▶ Problem requirements:
Lines with the word "istock": copy all of them from the entries below.

(Caption-style text data)
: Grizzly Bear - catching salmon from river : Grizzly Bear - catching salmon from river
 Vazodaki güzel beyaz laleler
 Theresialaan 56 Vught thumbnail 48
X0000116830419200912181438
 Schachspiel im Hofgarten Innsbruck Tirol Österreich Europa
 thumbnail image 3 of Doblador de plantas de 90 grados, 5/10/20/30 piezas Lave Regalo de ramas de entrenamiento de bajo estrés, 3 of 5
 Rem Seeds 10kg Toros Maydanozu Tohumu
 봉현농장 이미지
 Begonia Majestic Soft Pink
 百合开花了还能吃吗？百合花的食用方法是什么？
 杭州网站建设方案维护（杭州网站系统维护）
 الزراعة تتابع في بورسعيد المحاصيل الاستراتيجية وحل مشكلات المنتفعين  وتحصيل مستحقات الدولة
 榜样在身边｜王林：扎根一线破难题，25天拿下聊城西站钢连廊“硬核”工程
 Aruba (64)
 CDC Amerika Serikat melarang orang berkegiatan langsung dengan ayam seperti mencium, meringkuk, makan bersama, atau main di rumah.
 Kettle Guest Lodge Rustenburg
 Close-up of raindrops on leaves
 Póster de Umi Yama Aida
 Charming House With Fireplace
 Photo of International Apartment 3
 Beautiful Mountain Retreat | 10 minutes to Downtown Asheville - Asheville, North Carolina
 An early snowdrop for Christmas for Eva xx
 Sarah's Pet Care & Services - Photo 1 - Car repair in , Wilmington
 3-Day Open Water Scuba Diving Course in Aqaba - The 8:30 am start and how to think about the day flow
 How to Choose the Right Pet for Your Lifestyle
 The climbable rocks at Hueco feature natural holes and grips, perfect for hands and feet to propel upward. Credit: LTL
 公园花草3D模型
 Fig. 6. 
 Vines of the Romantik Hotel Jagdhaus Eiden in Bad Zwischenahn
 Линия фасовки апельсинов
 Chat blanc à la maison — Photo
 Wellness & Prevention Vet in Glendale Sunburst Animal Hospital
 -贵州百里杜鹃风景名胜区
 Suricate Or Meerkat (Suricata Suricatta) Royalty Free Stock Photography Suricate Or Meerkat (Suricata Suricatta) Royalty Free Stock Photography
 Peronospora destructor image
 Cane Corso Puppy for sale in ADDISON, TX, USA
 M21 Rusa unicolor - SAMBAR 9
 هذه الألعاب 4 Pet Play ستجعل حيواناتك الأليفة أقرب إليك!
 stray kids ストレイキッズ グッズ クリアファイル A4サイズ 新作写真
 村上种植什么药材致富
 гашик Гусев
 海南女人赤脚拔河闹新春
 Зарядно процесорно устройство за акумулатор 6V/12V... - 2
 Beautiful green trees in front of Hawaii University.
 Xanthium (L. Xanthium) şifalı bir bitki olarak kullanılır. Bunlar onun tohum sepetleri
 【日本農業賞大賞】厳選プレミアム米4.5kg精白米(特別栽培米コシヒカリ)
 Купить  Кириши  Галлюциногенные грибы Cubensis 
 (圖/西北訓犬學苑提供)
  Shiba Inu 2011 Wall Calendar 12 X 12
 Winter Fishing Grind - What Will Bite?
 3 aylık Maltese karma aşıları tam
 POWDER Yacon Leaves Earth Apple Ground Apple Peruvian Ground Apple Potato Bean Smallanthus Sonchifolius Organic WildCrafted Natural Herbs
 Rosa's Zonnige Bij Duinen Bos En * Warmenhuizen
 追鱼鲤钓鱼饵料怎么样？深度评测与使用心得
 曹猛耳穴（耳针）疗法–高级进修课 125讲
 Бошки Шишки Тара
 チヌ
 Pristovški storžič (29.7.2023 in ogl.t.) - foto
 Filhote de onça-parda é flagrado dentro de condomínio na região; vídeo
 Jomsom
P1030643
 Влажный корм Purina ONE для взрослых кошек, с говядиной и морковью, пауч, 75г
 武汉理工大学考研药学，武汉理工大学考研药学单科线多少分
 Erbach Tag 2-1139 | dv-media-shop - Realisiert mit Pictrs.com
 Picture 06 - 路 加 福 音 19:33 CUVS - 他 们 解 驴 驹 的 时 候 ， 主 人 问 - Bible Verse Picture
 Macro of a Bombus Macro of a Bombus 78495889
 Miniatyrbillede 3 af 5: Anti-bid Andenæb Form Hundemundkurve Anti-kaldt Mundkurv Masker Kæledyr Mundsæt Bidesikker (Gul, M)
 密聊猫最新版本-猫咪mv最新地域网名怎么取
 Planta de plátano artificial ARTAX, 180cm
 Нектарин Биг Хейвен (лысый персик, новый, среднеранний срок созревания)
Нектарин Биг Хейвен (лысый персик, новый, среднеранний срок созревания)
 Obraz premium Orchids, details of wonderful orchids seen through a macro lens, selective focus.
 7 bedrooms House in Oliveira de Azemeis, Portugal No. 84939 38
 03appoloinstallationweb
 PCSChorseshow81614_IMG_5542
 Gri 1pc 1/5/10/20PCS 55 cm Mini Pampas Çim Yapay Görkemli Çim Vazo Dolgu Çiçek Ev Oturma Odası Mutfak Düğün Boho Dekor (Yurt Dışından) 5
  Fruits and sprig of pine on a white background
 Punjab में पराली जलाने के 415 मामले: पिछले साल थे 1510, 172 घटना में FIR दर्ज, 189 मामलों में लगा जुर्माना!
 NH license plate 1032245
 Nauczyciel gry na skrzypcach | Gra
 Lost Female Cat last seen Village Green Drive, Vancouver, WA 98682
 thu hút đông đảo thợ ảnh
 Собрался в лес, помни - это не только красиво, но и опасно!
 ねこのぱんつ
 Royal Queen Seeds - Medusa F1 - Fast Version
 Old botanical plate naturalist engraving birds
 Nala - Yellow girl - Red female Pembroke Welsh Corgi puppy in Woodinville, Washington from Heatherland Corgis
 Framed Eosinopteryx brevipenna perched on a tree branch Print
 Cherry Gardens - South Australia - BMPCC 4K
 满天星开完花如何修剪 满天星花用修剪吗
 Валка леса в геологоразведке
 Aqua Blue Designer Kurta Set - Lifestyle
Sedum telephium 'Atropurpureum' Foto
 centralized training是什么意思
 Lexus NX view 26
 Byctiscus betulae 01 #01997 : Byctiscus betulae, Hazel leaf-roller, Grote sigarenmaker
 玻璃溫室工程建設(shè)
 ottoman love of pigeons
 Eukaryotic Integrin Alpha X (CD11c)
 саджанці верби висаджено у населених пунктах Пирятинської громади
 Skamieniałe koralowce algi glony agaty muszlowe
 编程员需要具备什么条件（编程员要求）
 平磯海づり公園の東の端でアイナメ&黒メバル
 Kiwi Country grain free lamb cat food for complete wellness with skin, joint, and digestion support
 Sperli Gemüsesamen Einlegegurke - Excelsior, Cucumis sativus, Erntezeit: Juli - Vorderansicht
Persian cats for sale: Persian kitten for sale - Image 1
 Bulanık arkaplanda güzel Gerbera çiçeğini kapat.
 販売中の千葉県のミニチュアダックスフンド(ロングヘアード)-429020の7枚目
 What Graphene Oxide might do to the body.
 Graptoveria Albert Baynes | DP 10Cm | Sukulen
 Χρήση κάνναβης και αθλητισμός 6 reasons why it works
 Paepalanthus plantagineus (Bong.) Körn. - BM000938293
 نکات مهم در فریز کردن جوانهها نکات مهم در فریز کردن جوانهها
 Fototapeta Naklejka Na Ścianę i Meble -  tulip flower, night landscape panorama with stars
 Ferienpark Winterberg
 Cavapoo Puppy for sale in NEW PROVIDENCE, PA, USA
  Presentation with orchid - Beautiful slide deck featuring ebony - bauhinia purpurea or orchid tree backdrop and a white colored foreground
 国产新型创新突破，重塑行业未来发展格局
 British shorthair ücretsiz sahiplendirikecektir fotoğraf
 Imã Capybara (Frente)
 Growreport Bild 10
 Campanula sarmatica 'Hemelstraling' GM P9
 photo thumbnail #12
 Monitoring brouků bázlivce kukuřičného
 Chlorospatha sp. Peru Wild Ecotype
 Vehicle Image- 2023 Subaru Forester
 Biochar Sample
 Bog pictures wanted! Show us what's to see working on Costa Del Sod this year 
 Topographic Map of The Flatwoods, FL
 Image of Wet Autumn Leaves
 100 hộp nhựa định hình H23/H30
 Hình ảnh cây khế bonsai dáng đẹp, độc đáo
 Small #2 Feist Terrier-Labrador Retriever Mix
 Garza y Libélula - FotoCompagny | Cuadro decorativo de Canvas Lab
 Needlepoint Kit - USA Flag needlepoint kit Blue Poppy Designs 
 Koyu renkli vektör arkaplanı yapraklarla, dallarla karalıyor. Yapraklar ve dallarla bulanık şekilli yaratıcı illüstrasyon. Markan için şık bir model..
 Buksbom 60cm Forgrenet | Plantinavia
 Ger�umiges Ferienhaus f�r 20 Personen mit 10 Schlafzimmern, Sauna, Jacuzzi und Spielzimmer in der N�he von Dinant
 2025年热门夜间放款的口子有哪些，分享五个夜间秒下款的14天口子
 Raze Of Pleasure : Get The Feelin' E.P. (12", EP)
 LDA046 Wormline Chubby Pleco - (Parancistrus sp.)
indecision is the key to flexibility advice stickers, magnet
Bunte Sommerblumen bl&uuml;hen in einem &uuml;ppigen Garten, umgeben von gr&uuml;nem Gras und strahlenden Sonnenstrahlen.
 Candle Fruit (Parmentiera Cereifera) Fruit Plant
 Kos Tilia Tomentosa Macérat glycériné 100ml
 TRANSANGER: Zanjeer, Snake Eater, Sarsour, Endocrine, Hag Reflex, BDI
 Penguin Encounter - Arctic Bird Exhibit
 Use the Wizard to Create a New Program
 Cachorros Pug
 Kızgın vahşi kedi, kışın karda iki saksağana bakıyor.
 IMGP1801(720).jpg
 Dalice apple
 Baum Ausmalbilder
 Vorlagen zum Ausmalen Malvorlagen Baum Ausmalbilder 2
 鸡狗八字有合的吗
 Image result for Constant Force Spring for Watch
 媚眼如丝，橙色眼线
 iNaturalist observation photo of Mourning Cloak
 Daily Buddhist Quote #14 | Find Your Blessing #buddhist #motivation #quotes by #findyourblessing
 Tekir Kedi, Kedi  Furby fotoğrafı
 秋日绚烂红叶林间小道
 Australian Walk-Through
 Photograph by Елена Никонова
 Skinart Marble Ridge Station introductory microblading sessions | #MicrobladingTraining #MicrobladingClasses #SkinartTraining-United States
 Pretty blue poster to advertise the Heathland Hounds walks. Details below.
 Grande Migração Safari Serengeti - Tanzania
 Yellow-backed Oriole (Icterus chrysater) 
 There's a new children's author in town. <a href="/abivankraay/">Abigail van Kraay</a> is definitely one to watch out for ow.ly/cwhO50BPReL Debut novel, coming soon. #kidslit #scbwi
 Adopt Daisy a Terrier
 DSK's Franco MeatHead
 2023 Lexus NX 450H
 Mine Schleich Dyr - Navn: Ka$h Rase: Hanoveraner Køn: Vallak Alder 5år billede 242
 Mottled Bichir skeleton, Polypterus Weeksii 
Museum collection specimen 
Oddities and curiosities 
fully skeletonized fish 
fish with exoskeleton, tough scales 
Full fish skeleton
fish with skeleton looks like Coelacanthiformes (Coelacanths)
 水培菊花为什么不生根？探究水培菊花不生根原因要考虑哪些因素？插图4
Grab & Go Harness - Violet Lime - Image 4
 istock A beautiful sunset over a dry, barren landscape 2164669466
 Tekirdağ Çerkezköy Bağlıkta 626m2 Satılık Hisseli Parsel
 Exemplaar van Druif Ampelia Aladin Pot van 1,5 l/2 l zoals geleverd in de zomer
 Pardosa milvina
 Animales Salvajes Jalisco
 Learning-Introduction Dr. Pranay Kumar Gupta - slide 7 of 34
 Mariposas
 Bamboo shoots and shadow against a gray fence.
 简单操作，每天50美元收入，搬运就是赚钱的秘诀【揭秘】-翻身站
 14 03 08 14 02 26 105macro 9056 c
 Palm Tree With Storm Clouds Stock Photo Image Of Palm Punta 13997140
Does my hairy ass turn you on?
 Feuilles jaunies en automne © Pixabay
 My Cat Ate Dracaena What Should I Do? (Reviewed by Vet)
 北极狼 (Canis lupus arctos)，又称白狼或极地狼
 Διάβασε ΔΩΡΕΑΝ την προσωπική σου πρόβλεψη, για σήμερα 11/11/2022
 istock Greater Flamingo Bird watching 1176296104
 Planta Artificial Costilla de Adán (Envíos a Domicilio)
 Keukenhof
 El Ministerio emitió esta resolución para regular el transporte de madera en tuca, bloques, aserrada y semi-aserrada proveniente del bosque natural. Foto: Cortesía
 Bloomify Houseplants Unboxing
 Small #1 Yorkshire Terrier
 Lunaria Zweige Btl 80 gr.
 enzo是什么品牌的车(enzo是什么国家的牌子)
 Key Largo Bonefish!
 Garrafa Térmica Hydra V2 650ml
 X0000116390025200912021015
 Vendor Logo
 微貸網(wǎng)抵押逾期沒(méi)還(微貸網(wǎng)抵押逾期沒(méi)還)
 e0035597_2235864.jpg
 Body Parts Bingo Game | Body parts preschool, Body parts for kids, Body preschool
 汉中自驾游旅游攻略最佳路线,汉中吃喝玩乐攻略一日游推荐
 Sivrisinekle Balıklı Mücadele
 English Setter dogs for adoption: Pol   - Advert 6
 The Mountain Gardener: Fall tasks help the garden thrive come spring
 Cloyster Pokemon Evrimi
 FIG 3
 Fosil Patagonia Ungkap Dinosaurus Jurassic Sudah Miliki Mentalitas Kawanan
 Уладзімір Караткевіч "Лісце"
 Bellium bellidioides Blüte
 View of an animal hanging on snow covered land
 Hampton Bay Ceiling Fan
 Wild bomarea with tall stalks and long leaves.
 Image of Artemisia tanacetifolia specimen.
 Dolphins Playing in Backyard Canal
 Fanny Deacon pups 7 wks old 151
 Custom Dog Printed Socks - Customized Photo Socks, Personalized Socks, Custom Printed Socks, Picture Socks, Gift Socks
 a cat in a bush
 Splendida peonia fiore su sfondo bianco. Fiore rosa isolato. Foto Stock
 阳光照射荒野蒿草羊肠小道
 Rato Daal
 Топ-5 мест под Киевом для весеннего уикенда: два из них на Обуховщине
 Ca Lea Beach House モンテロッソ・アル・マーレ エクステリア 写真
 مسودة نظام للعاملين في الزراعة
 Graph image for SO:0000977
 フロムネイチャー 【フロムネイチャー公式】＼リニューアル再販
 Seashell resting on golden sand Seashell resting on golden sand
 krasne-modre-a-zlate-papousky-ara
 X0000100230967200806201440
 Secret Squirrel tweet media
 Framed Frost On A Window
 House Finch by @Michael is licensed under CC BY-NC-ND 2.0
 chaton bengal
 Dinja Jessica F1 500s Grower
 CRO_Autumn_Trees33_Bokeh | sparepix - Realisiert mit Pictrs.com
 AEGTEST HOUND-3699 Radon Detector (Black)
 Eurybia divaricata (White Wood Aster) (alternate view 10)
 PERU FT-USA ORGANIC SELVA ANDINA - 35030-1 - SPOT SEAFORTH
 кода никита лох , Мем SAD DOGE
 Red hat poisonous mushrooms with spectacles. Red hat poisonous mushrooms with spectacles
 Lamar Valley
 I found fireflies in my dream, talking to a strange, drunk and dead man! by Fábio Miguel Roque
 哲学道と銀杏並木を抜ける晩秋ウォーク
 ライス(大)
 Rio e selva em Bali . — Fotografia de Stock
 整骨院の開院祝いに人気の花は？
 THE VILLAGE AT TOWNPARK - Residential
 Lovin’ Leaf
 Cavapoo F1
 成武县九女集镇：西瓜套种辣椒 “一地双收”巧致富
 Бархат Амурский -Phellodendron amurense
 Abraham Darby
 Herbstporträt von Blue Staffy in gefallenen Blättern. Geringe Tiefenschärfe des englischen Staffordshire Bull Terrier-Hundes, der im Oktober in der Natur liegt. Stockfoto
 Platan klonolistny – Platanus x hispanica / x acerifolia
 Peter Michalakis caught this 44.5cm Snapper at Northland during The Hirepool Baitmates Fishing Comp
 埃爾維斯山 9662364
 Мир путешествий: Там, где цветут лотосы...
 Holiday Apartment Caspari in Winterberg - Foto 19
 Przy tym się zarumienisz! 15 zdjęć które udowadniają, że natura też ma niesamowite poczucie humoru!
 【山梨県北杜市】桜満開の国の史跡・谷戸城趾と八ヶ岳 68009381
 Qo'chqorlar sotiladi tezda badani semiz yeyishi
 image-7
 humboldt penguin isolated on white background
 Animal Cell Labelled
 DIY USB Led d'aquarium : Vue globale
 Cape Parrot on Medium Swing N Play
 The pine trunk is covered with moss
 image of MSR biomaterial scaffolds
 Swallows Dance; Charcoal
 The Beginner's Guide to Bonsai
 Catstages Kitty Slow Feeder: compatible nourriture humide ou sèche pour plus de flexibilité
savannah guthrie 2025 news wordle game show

▶ Response to the exercise:
 istock A beautiful sunset over a dry, barren landscape 2164669466
 istock Greater Flamingo Bird watching 1176296104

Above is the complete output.